The JNA continued their daily artillery attacks on the first line of defense of the brigade's units, and on the morning of December 4, 1991, they undertook a new tank-infantry attack on Paulin Dvor, where the first line of defense was held by members of the 3rd Company 3rd Battalion, 101st Brigade. Due to the penetration of the enemy into the center of the village and the separation of the forces of the defenders into two parts, as well as the lack of anti-tank weapons and the non-arrival of the promised reinforcements, the commander of the 2nd Battalion of the 101st Brigade ordered a retreat from Antunovac towards Ivanovovac. In the late afternoon of December 5, 1991, Antunovac was captured by the forces of the JNA and rebel Serbs.

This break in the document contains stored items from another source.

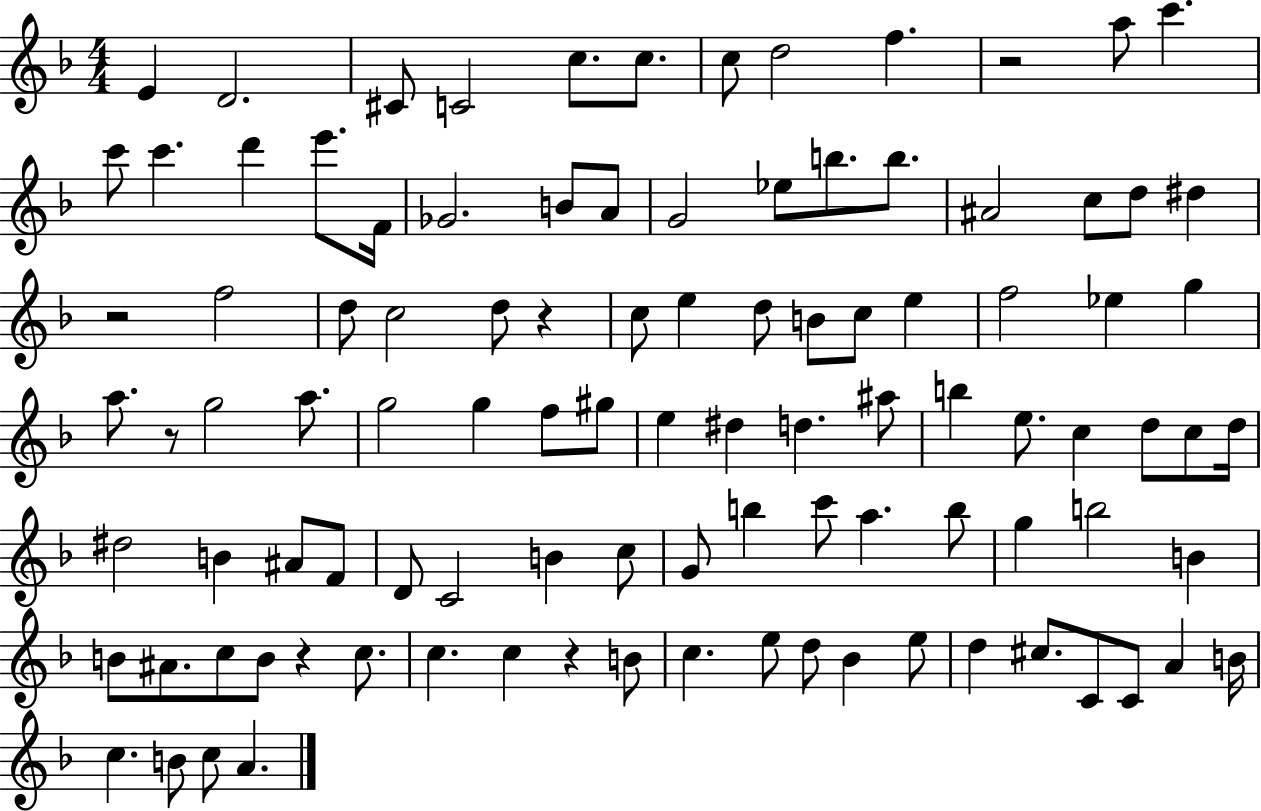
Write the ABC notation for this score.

X:1
T:Untitled
M:4/4
L:1/4
K:F
E D2 ^C/2 C2 c/2 c/2 c/2 d2 f z2 a/2 c' c'/2 c' d' e'/2 F/4 _G2 B/2 A/2 G2 _e/2 b/2 b/2 ^A2 c/2 d/2 ^d z2 f2 d/2 c2 d/2 z c/2 e d/2 B/2 c/2 e f2 _e g a/2 z/2 g2 a/2 g2 g f/2 ^g/2 e ^d d ^a/2 b e/2 c d/2 c/2 d/4 ^d2 B ^A/2 F/2 D/2 C2 B c/2 G/2 b c'/2 a b/2 g b2 B B/2 ^A/2 c/2 B/2 z c/2 c c z B/2 c e/2 d/2 _B e/2 d ^c/2 C/2 C/2 A B/4 c B/2 c/2 A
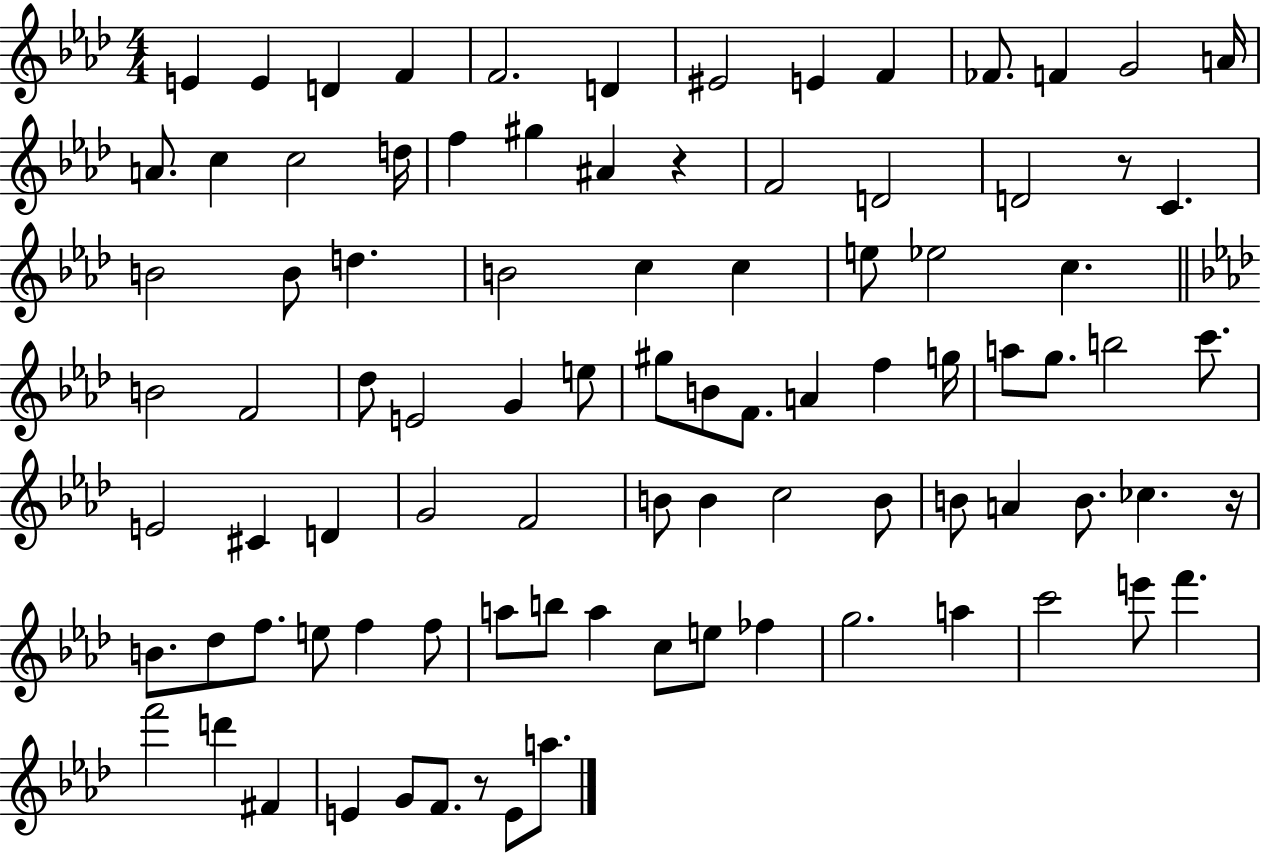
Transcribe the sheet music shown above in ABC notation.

X:1
T:Untitled
M:4/4
L:1/4
K:Ab
E E D F F2 D ^E2 E F _F/2 F G2 A/4 A/2 c c2 d/4 f ^g ^A z F2 D2 D2 z/2 C B2 B/2 d B2 c c e/2 _e2 c B2 F2 _d/2 E2 G e/2 ^g/2 B/2 F/2 A f g/4 a/2 g/2 b2 c'/2 E2 ^C D G2 F2 B/2 B c2 B/2 B/2 A B/2 _c z/4 B/2 _d/2 f/2 e/2 f f/2 a/2 b/2 a c/2 e/2 _f g2 a c'2 e'/2 f' f'2 d' ^F E G/2 F/2 z/2 E/2 a/2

During the attack, the defenders of Antunovac called Slobodan Tolja, the commander of the Čepin battalion of the 130th brigade, for help, but the brigade commander, Nikola Huđin, forbade it. Despite this, Tolja, on his own initiative, managed to send one company to Antunovac, but it was too late. Antunovac has already fallen. This was the second big mistake for the commander of the 130th brigade, Nikola Huđin, which is easily recognized as sabotage, and he was dismissed, and the brigade commander became Živko Mijić.